Hi, I have run a Hiseq 2x150bp from metagenomics samples.
I have computed the gene coverage for a list of genes for a given sample. For each sample i take a subset of genes i´m interested in and mapped all reads to each of these genes generating a bam file that I use as input to bedtools as follows
bedtools genomecov -ibam subsetgenes_sample_A.bam
bedtools genomecov -ibam subsetgenes_sample_B.bam
bedtools genomecov -ibam subsetgenes_sample_C.bam
....
Here below the output for one sample.
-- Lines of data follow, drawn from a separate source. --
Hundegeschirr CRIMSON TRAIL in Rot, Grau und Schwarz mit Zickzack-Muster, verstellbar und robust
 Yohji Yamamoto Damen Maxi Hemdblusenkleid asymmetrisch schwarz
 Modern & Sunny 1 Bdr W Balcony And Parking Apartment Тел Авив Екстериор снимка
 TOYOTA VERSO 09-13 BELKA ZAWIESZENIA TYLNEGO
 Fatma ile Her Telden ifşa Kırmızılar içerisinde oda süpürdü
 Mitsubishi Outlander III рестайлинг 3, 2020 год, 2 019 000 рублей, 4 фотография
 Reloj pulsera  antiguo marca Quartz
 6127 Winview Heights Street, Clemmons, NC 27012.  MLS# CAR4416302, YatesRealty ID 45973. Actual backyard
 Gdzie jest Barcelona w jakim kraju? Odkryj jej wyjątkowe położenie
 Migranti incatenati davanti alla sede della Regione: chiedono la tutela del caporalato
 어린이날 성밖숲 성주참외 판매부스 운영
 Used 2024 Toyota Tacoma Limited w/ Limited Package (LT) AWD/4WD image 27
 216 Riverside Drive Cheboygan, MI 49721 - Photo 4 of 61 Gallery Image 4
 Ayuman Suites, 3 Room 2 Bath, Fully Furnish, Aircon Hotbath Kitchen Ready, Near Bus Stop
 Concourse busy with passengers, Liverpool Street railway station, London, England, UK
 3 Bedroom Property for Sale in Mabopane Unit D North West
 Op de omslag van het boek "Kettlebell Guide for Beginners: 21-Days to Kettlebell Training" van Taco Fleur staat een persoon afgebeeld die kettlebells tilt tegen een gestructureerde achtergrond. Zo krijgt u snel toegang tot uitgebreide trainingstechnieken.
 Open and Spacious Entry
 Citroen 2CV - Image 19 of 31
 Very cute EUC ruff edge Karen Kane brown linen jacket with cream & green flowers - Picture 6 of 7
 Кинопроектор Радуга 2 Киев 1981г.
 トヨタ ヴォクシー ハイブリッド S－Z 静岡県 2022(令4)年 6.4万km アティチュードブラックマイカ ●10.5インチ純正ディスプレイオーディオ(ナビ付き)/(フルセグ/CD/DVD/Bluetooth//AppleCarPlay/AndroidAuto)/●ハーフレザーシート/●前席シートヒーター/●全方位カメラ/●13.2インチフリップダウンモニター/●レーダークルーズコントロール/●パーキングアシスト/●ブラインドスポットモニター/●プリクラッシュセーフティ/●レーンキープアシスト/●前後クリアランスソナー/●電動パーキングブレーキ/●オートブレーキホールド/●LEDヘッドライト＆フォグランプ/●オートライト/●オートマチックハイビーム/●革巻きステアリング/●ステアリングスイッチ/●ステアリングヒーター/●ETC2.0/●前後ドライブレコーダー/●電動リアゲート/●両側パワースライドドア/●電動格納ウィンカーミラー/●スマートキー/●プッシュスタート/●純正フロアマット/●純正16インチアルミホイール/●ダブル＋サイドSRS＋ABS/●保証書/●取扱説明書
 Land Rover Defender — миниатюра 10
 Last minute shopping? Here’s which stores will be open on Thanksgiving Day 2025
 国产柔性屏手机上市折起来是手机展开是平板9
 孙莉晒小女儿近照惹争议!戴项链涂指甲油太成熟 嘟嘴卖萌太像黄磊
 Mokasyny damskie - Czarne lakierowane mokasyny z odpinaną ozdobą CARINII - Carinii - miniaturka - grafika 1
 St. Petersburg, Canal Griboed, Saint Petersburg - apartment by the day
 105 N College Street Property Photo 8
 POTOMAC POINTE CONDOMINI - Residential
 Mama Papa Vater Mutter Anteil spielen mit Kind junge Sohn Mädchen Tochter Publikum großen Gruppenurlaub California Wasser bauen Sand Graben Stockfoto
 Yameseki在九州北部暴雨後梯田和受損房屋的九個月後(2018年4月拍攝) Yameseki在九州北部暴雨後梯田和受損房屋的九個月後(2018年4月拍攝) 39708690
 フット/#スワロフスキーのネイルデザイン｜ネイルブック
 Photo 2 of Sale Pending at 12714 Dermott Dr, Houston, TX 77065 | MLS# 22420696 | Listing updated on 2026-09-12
I have added column names for clarity.
V1 V2 V3 V4 V5
k141_25_1 1 64 165 0.387879
k141_25_1 2 100 165 0.606061
k141_25_1 3 1 165 0.00606061
k141_34_1 2 11 726 0.0151515
k141_34_1 3 55 726 0.0757576
k141_34_1 4 36 726 0.0495868
k141_34_1 5 101 726 0.139118
k141_34_1 6 123 726 0.169421
k141_34_1 7 195 726 0.268595
In order to compute gene coverage i run coverage = (V2*V3)/V4.
The problem i have is that i have several samples so ideally i should normalize each sample by the total number of reads and multiply by 1M.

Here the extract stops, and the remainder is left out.